The use of past data to predict the reliability of new comparable
systems/items can be misleading as reliability is a function of the
context of use and can be affected by small changes in
design/manufacturing.
Reliability organizations
Systems of any significant complexity are developed by organizations of people, such as a commercial company or a government agency. The reliability engineering organization must be consistent with the company's organizational structure.
For small, non-critical systems, reliability engineering may be
informal. As complexity grows, the need arises for a formal reliability
function. Because reliability is important to the customer, the customer
may even specify certain aspects of the reliability organization.
There are several common types of reliability organizations. The
project manager or chief engineer may employ one or more reliability
engineers directly. In larger organizations, there is usually a product
assurance or specialty engineering organization, which may include reliability, maintainability, quality, safety, human factors, logistics, etc. In such case, the reliability engineer reports to the product assurance manager or specialty engineering manager.
In some cases, a company may wish to establish an independent
reliability organization. This is desirable to ensure that the system
reliability, which is often expensive and time-consuming, is not unduly
slighted due to budget and schedule pressures. In such cases, the
reliability engineer works for the project day-to-day, but is actually
employed and paid by a separate organization within the company.

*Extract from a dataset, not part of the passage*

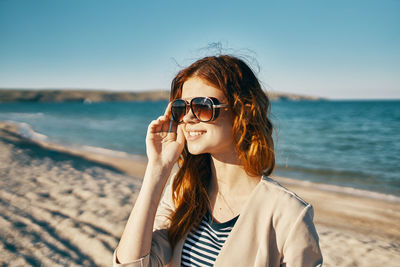 Portrait of young woman wearing sunglasses on beach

Because reliability engineering is critical to early system
design, it has become common for reliability engineers, however, the
organization is structured, to work as part of an integrated product team.
Education
Some
universities offer graduate degrees in reliability engineering. Other
reliability engineers typically have an engineering degree, which can be
in any field of engineering, from an accredited university or college
program. Many engineering programs offer reliability courses, and some
universities have entire reliability engineering programs. A reliability
engineer may be registered as a professional engineer
by the state, but this is not required by most employers. There are
many professional conferences and industry training programs available
for reliability engineers. Several professional organizations exist for
reliability engineers, including the American Society for Quality
Reliability Division (ASQ-RD), the IEEE Reliability Society, the American Society for Quality (ASQ), and the Society of Reliability Engineers (SRE).
A group of engineers have provided a list of useful tools for
reliability engineering. These include: RelCalc software, Military
Handbook 217 (Mil-HDBK-217), and the NAVMAT P-4855-1A manual. Analyzing
failures and successes coupled with a quality standards process also
provides systemized information to making informed engineering designs.